> [Exercise prompt]: Starting at the line that holds "טרוגיר Apartments Salona מראה חיצוני תמונה", transcribe every line to the end of the data exactly; include no other lines.

> [Stored data]:
++++++++++++++++++++
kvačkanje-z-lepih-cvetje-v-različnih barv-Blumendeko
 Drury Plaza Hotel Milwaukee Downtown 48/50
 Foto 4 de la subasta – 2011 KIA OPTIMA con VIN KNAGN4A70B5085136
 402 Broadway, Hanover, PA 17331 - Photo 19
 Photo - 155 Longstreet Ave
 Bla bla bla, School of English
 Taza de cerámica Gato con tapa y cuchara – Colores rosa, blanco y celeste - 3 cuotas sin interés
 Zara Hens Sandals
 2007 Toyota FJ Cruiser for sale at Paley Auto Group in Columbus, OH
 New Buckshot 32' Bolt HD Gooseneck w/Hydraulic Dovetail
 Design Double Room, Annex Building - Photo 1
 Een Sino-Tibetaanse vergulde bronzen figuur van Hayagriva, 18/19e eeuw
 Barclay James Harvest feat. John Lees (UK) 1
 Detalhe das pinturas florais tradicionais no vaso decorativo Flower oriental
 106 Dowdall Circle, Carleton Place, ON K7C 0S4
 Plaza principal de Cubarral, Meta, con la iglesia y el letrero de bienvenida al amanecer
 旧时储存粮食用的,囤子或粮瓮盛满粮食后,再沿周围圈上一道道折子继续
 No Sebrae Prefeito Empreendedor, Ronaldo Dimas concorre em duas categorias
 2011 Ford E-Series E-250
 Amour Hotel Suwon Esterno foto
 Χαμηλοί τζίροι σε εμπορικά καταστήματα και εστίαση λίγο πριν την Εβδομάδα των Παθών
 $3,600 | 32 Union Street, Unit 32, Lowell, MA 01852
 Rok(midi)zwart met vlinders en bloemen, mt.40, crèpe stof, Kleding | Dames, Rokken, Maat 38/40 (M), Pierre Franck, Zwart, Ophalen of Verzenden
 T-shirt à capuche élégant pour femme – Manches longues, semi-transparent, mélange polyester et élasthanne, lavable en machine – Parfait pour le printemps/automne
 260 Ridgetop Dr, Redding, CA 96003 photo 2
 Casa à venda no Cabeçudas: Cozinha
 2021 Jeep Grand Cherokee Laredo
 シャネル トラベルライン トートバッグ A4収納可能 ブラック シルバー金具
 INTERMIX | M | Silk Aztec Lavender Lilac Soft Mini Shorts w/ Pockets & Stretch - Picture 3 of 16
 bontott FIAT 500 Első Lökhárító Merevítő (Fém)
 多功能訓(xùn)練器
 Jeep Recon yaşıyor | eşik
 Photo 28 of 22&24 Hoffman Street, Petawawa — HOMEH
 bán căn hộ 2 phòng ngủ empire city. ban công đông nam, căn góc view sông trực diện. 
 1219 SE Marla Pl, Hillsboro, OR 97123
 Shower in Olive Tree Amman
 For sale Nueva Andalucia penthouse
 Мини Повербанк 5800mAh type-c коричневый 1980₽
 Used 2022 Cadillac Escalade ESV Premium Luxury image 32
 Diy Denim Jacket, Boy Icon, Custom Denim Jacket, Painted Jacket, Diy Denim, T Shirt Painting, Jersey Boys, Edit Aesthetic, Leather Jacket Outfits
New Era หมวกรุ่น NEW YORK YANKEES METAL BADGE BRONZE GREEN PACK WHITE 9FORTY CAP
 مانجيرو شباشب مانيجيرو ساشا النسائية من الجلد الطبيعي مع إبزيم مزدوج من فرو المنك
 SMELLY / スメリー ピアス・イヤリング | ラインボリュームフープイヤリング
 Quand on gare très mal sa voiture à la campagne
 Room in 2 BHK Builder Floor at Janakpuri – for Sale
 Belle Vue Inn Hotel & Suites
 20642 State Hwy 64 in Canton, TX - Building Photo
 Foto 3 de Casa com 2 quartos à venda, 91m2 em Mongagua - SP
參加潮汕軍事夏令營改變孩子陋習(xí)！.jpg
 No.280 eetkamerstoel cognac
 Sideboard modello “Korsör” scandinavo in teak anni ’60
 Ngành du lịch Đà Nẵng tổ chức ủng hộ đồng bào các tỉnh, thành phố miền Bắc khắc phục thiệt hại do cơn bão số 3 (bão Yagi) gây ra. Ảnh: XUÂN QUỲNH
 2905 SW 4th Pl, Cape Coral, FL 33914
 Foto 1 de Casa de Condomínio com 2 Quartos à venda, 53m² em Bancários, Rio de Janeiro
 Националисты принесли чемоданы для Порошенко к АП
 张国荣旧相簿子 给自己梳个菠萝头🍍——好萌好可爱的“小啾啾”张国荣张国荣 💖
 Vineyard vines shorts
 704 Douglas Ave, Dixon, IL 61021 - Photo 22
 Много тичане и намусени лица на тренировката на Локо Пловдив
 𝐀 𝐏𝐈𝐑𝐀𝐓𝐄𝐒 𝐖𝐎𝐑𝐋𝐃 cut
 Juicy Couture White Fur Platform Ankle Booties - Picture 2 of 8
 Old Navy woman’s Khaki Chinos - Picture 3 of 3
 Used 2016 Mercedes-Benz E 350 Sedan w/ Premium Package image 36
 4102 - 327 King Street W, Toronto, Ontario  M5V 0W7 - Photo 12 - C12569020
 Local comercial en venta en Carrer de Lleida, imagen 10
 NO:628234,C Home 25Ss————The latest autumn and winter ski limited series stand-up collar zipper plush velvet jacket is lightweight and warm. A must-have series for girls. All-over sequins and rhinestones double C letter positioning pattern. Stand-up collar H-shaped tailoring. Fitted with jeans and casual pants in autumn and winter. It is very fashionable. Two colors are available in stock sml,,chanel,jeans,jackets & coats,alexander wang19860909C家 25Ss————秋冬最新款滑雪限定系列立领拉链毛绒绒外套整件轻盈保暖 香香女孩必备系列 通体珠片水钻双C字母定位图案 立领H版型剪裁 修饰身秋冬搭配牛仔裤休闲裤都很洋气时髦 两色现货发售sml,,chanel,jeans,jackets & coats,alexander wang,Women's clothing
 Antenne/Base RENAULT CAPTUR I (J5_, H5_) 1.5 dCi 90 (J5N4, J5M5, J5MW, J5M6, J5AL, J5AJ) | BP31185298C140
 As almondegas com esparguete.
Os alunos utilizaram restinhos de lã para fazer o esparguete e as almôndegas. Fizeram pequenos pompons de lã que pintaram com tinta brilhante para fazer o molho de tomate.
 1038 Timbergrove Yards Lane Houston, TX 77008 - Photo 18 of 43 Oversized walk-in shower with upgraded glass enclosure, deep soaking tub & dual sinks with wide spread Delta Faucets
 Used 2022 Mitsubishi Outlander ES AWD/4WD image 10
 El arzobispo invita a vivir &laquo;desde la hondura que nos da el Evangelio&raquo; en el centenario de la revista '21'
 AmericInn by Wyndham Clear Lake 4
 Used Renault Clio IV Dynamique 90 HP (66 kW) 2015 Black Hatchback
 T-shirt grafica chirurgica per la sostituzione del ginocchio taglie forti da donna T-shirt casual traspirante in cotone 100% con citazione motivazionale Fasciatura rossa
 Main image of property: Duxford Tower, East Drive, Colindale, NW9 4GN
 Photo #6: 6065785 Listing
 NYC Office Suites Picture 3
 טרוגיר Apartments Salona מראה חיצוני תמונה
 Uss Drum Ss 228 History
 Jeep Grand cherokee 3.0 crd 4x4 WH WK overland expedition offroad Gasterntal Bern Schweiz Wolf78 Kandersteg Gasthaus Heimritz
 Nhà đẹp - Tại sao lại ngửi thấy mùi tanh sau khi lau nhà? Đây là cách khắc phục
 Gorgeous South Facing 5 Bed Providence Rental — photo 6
++++++++++++++++++++
> [Finished task]:
 טרוגיר Apartments Salona מראה חיצוני תמונה
 Uss Drum Ss 228 History
 Jeep Grand cherokee 3.0 crd 4x4 WH WK overland expedition offroad Gasterntal Bern Schweiz Wolf78 Kandersteg Gasthaus Heimritz
 Nhà đẹp - Tại sao lại ngửi thấy mùi tanh sau khi lau nhà? Đây là cách khắc phục
 Gorgeous South Facing 5 Bed Providence Rental — photo 6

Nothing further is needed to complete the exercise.